In this format all rides counted towards Grand Prix points totals, including the semi-final and final, the maximum points for a single GP is 21 (5x heat wins, semi final win and final win). This scoring revision was introduced as a result of comments made during 2006 that the 4 finalists received too many points compared to the losing semi-finalists who in turn received little benefit compared to, say, the 9th placed non-qualifier. Also, this format means that the winner of each Grand Prix may not have been the rider who scores most GP points from each round. The scoring system has been overhauled for the 2020 season which will see championship points scored based on the overall GP result of a rider rather than each individual heat of which those points will only decide the progress of a rider in a GP.
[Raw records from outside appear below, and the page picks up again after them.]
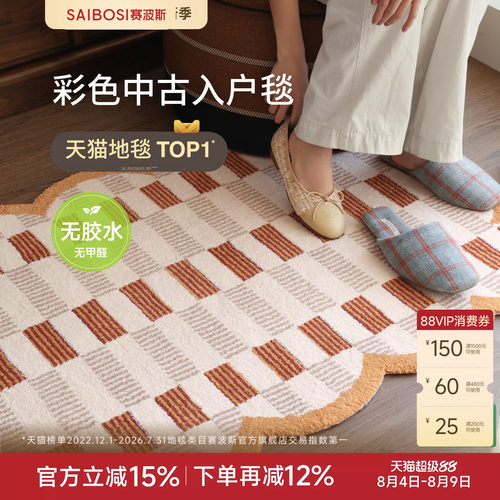 赛波斯彩色中古风入户地垫防滑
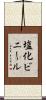 塩化ビニール Scroll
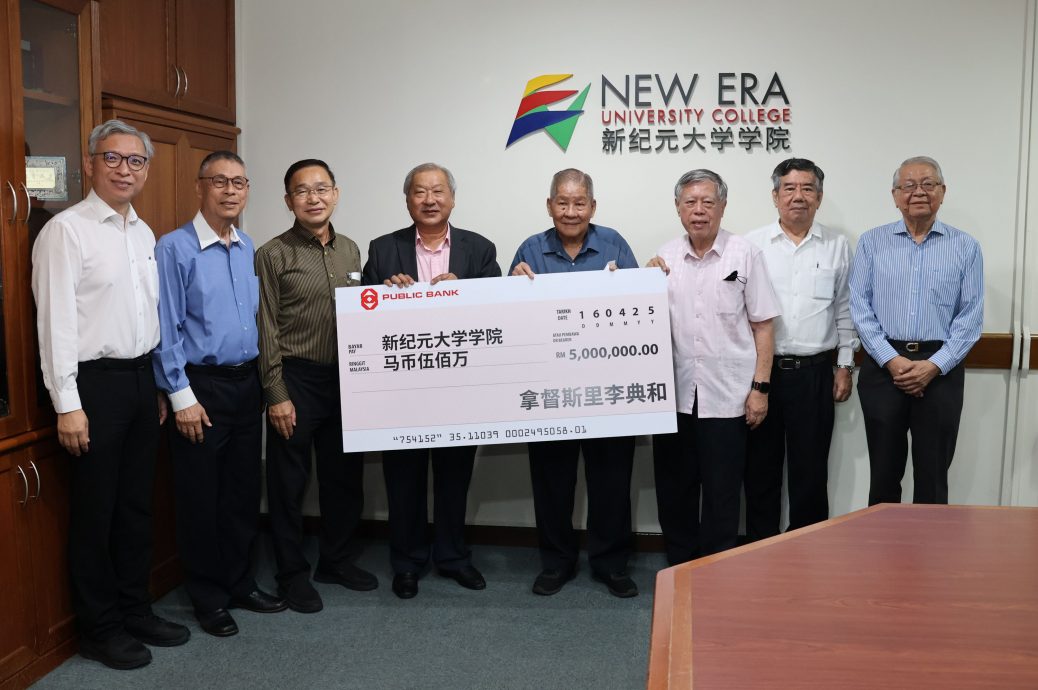 李典和再捐新纪元500万建设南大楼 累计捐款1400万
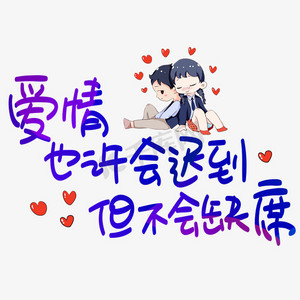 爱情也许会迟到手写手绘pop卡通艺术字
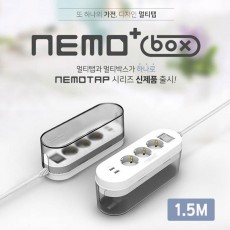 네모텝 플러스 BOX 1.5M SY-NA3USB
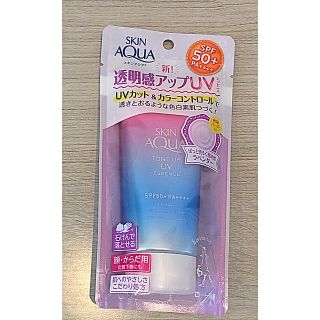 ロートセイヤク(ロート製薬)のSKINAQUA トーンアップUV(日焼け止め/サンオイル)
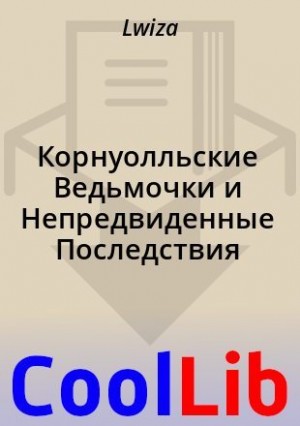  Lwiza - Корнуолльские Ведьмочки и Непредвиденные Последствия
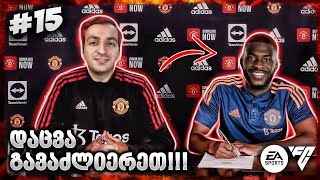 2 ტრანსფერი, რევანში და დებიუტი ლიგაზე !!! - EA SPORTS FC 25 MANCHESTER UNITED CAREER MODE EP 15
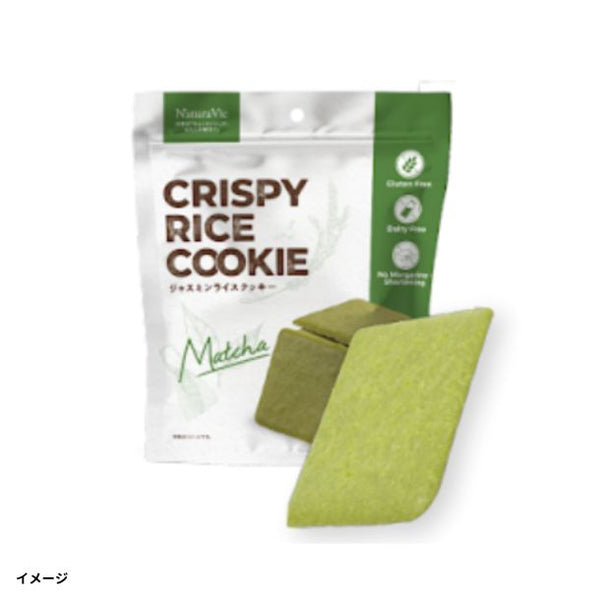 NaturaVie「クリスピーライスクッキー 抹茶」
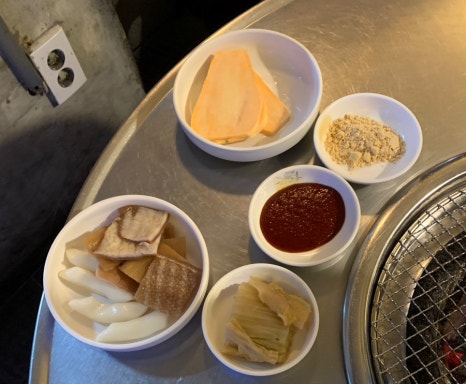 성내상회 이미지
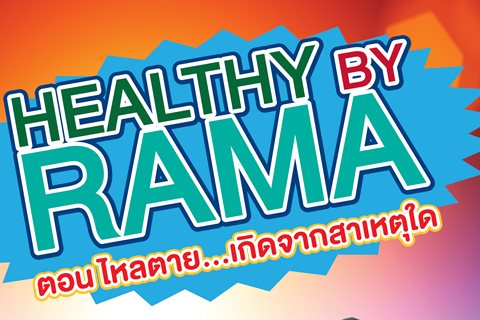 Healthy By Rama ตอน ไหลตาย... เกิดจากสาเหตุใด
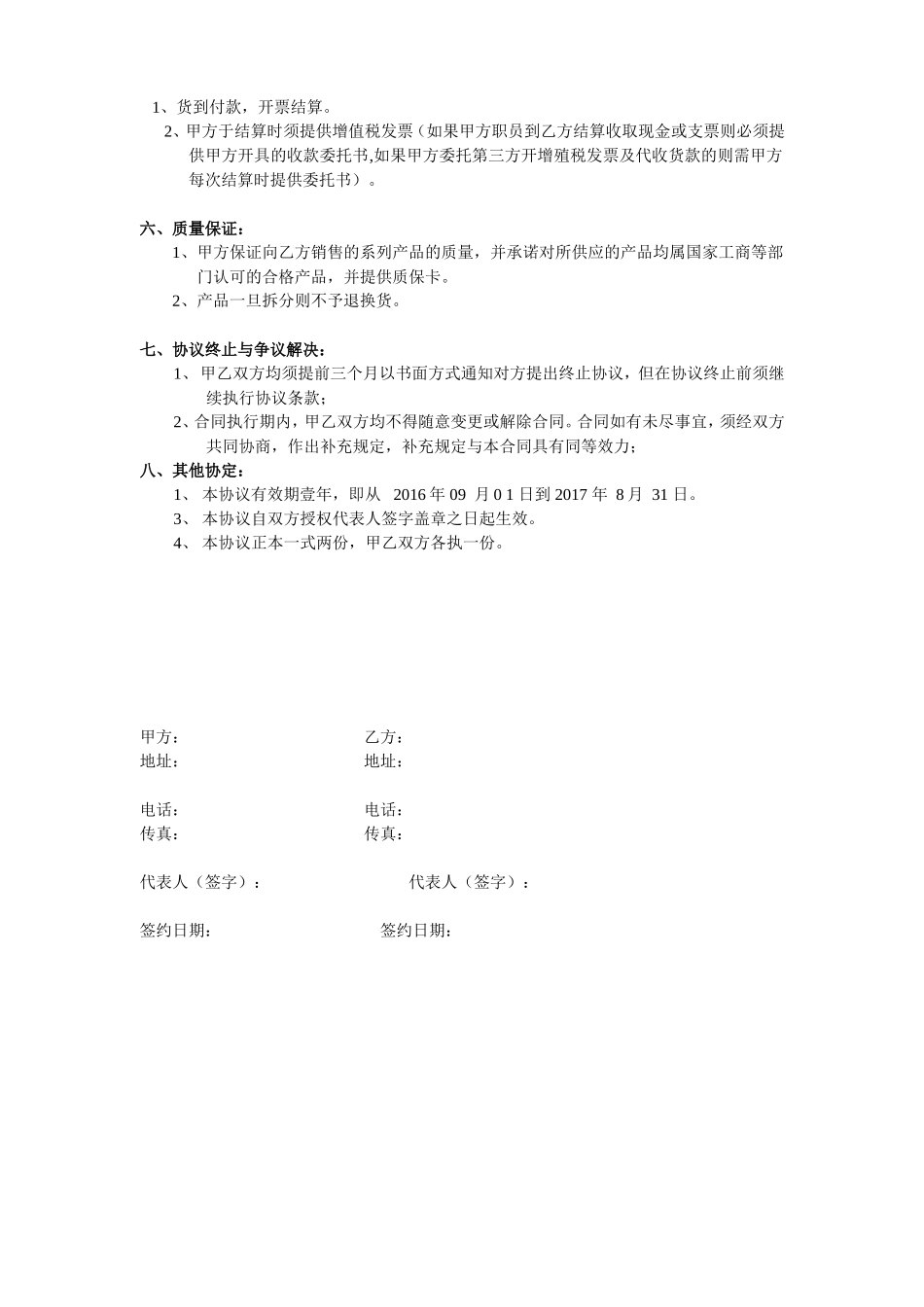 4S店供货合同范本.doc_第2页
== Qualification for Grand Prix ==
The same 15 riders form the basis of the Grand Prix line up throughout the course of the season, barring injuries. The 16th rider, known as the "wild card", will normally be a leading non-GP rider from the country in which the Grand Prix is being held. The Wild Card can win the Grand Prix like any other rider, and their World Championship points count the same as the 15 permanent riders, although this has only happened on six occasions by Mark Loram, Martin Dugard, Hans Andersen at the 2006 Danish Grand Prix, Michael Jepsen Jensen at the 2012 Speedway Grand Prix of Nordic, Adrian Miedziński at the 2013 Speedway Grand Prix of Poland and most recently Bartosz Zmarzlik at the 2014 Speedway Grand Prix of Poland.

The 15 permanent Grand Prix riders have been decided by various methods over the history of the series. For the 2016 season, the top 8 riders from the 2015 World Championship automatically qualified. They were joined by 3 riders who qualified via the Grand Prix Qualifiers, and 4 riders who were nominated by then-series promoters, IMG.

== Event promotion ==
The Speedway Grand Prix series and the Speedway World Cup were originally promoted by Benfield Sports International, which later was renamed to BSI Speedway. On 11 April 2007 it was announced that BSI Speedway had been acquired by IMG and the existing team took up roles within IMG Motorsport. IMG Motorsport managed the series until 2021.

Speedway Grand Prix is currently promoted by Discovery Sports Events, formerly Eurosport Events since 2022.